He grew up on Islay, worked at the distillery for over 30 years, and is partial to a spot of whisky collecting. Who better to spend five minutes with than…

He grew up on Islay, worked at the distillery for over 30 years, and is partial to a spot of whisky collecting. Who better to spend five minutes with than David Turner, Bowmore distillery manager?

What has a delectable mix of history, peat, and a fabulous seaside outlook? Islay’s Bowmore distillery! We take five minutes (well, more like 20) to have a chat over the phone with distillery manager David Turner. Why not pour a dram, sit back and enjoy?

MoM: Bowmore is a truly historic distillery. What sets it apart from other producers? 
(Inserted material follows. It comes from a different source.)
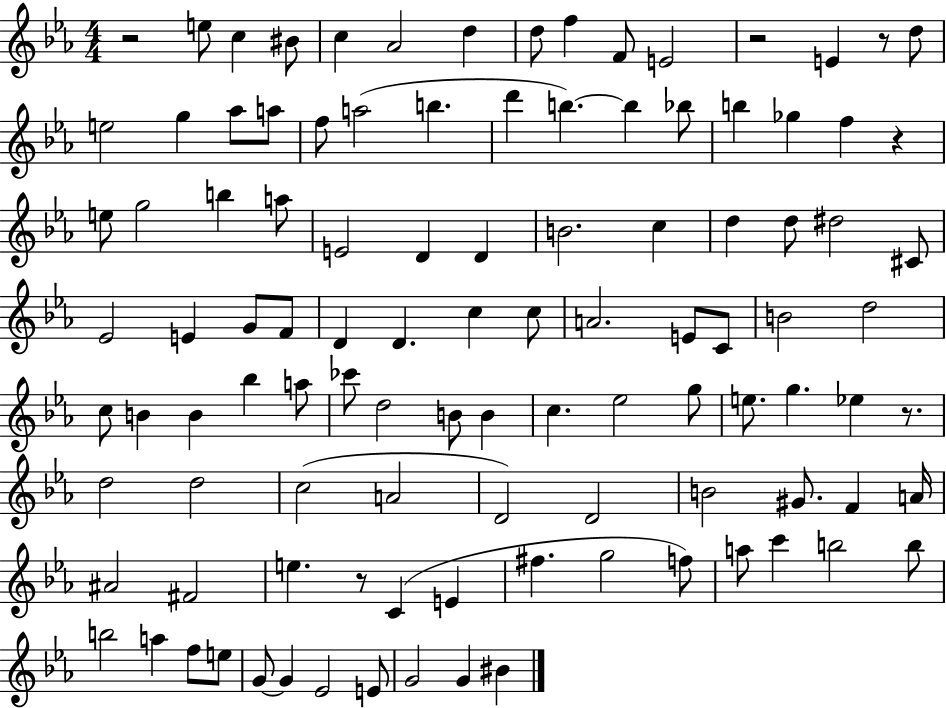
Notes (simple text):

R/h E5/e C5/q BIS4/e C5/q Ab4/h D5/q D5/e F5/q F4/e E4/h R/h E4/q R/e D5/e E5/h G5/q Ab5/e A5/e F5/e A5/h B5/q. D6/q B5/q. B5/q Bb5/e B5/q Gb5/q F5/q R/q E5/e G5/h B5/q A5/e E4/h D4/q D4/q B4/h. C5/q D5/q D5/e D#5/h C#4/e Eb4/h E4/q G4/e F4/e D4/q D4/q. C5/q C5/e A4/h. E4/e C4/e B4/h D5/h C5/e B4/q B4/q Bb5/q A5/e CES6/e D5/h B4/e B4/q C5/q. Eb5/h G5/e E5/e. G5/q. Eb5/q R/e. D5/h D5/h C5/h A4/h D4/h D4/h B4/h G#4/e. F4/q A4/s A#4/h F#4/h E5/q. R/e C4/q E4/q F#5/q. G5/h F5/e A5/e C6/q B5/h B5/e B5/h A5/q F5/e E5/e G4/e G4/q Eb4/h E4/e G4/h G4/q BIS4/q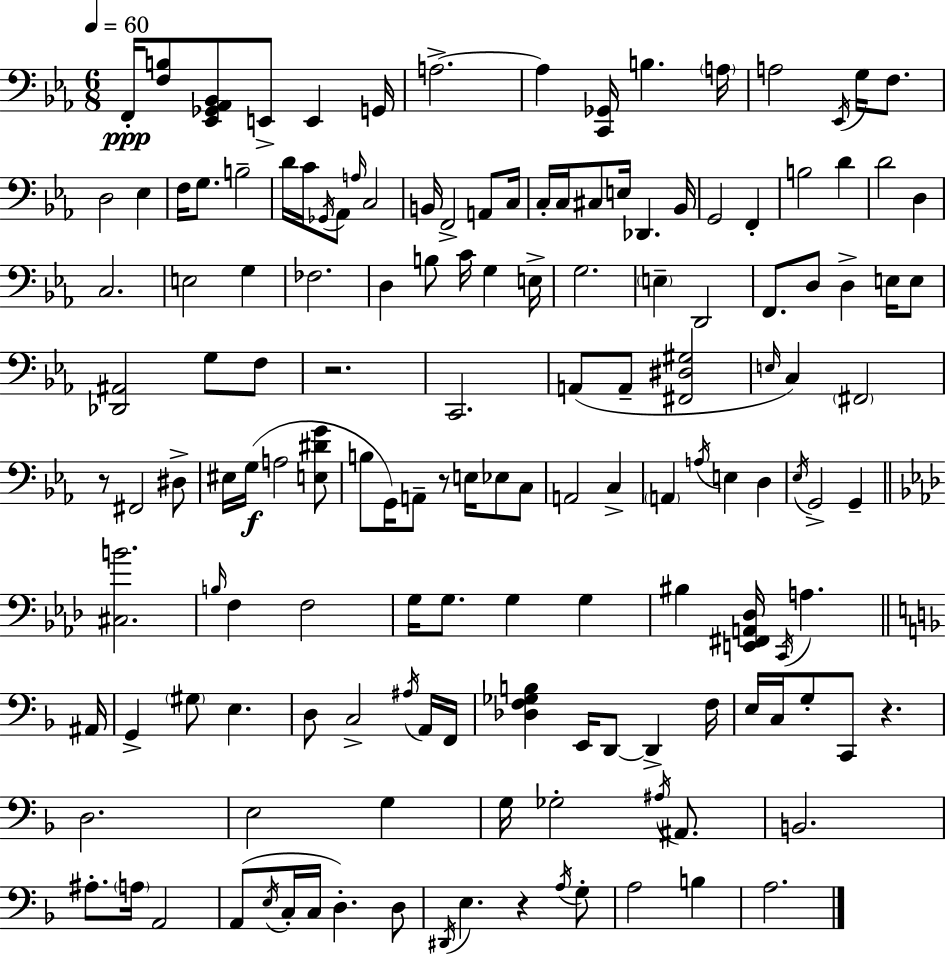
F2/s [F3,B3]/e [Eb2,Gb2,Ab2,Bb2]/e E2/e E2/q G2/s A3/h. A3/q [C2,Gb2]/s B3/q. A3/s A3/h Eb2/s G3/s F3/e. D3/h Eb3/q F3/s G3/e. B3/h D4/s C4/s Gb2/s Ab2/e A3/s C3/h B2/s F2/h A2/e C3/s C3/s C3/s C#3/e E3/s Db2/q. Bb2/s G2/h F2/q B3/h D4/q D4/h D3/q C3/h. E3/h G3/q FES3/h. D3/q B3/e C4/s G3/q E3/s G3/h. E3/q D2/h F2/e. D3/e D3/q E3/s E3/e [Db2,A#2]/h G3/e F3/e R/h. C2/h. A2/e A2/e [F#2,D#3,G#3]/h E3/s C3/q F#2/h R/e F#2/h D#3/e EIS3/s G3/s A3/h [E3,D#4,G4]/e B3/e G2/s A2/e R/e E3/s Eb3/e C3/e A2/h C3/q A2/q A3/s E3/q D3/q Eb3/s G2/h G2/q [C#3,B4]/h. B3/s F3/q F3/h G3/s G3/e. G3/q G3/q BIS3/q [E2,F#2,A2,Db3]/s C2/s A3/q. A#2/s G2/q G#3/e E3/q. D3/e C3/h A#3/s A2/s F2/s [Db3,F3,Gb3,B3]/q E2/s D2/e D2/q F3/s E3/s C3/s G3/e C2/e R/q. D3/h. E3/h G3/q G3/s Gb3/h A#3/s A#2/e. B2/h. A#3/e. A3/s A2/h A2/e E3/s C3/s C3/s D3/q. D3/e D#2/s E3/q. R/q A3/s G3/e A3/h B3/q A3/h.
David Turner: I think the location sets us apart. We’re on Islay, right in the middle of the Island. Islay is well-known for the peated whiskies. The north is very lightly peated, the south is very heavily peated, and we’re in between. We sit between on peating level, and geography. We call ourselves the perfectly balanced Islay whisky.

David Turner Bowmore

David Turner in the stillhouse at Bowmore

MoM: Tell us about your career at Bowmore. You’ve done almost every job at the distillery over the years!

DT: I came here when I was 16 years old, straight from school, on 4 June 1990. I started in the warehouses, and I worked there until April 1992. When I was 18 years old I went on shifts in the malt barns, and I covered the stillhouse as a relief operator as well until April 2000. And from the malt barns I went to the mash house for 3, 4 years. Then I moved to the stillhouse in 2006, permanently, and became head distiller in 2007. Eddie [MacAffer, the former Bowmore distillery manager] was here as distillery manager; he did the visitor centre, tourism side. On 1 August 2016 I became the distillery manager. I like both production, and visitor-facing sides, to be fair. I like hands on. The malt barns are really special. For Bowmore, that’s where the tropical fruit notes come from. But I like speaking to visitors too, and travelling around the world. 

MoM: You recently added Bowmore 30 Year Old to the core line-up. Why was it released, and what’s it like?!

DT: We’ve got good aged stocks dating back to 1970 maturing in our warehouses, so we’ve always looked at the single malt side, we’ve got aged stock. It’s an annual release, and we do have the stock for a release of that age every year. It’s 45.3% ABV, distilled in 1989, with sherry hogsheads and bourbon barrels in it. The number of bottles will vary from year to year, just depends on what casks are used and how many. It’ll be what the casks yield, to be honest. 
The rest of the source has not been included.